This module, part 5A, explores how words come together to form phrases, clauses, and sentences. Word order is important in English, but not so important in other languages. Discover how some other languages make meaning clear despite a “free-and-easy” word order. Encounter earlier forms of English which also had a more varied word order.

The class will also encounter the different types of sentences and clauses that exist in modern English. There are more than you think.

12. Nature of Language – Part 5B – syntax – Word classes part 1 – nouns and verbs   (500 slides)

Before continuing with syntax, it is necessary to get a firm grounding in the word classes, previously called “parts of speech”. The terminology of word classes is also applied to phrases and clauses. It be used to further explore the sentence level and beyond in later modules.

This module covers nouns and verbs. Concepts such as number, gender, transivity, tense, aspect, mood, etc. are introduced. There are plenty forays into other languages and history. As well as the usual brain-teasing exercises, there are some fun memory exercises focusing on the use of some word class functions.

13. Nature of Language – Part 5C – syntax – Word classes part 2 – adj. adv. etc.   (560 slides)

This module completes the investigation of word classes begun in “Nature of Language – part 5B…”  It covers adjectives, adverbs, articles, prepositions, conjunctions, determiners.  As is the pattern in previous modules, there are windows into history and other languages. As well as the usual exercises, there are a couple of memory games to keep the “grey matter” honed and check your class is on the ball.

There are also case studies of particular words and phrases, the uses of which are contentious and give rise to many of the pet hates often expressed on talkback radio. Trace the history from Medieval Times of several (annoyingly?) overused adjectives and adverbs.

14. Nature of Language – Part 5D – syntax continued (440 slides)

Explores levels of sentence structure, looking particularly at the clause and phrase level. Visit some of your schooling nemeses, such a subjects, predicates, complements, prepositional phrases, as well as a few new ones. Learn how to “grow” constituent structure “trees”.  Investigate ambiguity. “Trees” can graphically display the nuances in ambiguous sentences.

Did you know that word order was different and more flexible in earlier forms of English? It is also different in other languages. Languages can be classified according to their basic syntactic patterns. This module visits other languages and their sentence structures.

The interplay between syntax and stylistic issues in speech, writing and the media are also touched on in this module.

15. Nature of Language – Part 6A – Semantics part 1 (500 slides)

This is the first of the modules covering various aspects of semantics – the meanings of words, sentences, and utterances in everyday conversation.

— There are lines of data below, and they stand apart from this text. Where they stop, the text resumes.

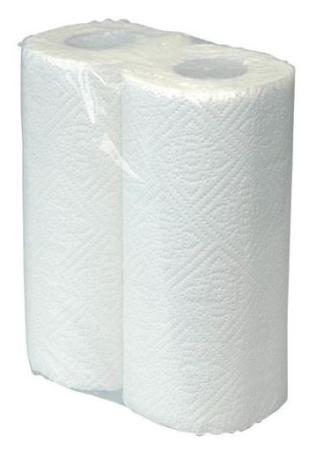 pak van 2 keukenrollen wit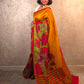 Kaveri : Pure Silk Abstract Art Saree (Silk Mark) - Oagh India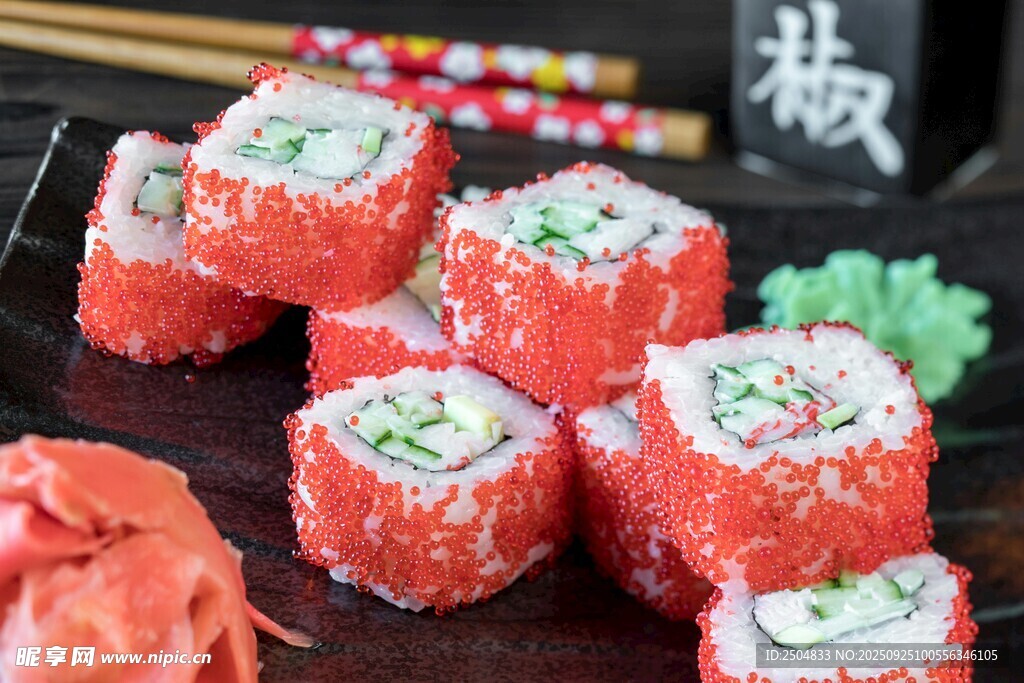 美味寿司卷 诱人日式风味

It opens with an explanation of the nature of the study of semantics. Subsequent issues covered include semantic fields and properties, senses & connotation (vis-à-vis dictionary definitions), collocations, and thematic-semantic relations.

Explore semantic fuzziness – the meanings of words, and where they fit in relation to other words is not always cut-and-dried. Prototypes suggest, for example that some birds are more birdy than others. Listen to onomatopoeia in other languages as well as English, where meaning and sound most closely come together. Extralogical meaning, implicature, presupposition and entailment will alert you to the fact that there is much more meaning in an utterance than the actual words used.

Learning meaning is a gradual developmental process. Children do not all of a sudden have an adult concept of a new word. Learn how children learn meaning.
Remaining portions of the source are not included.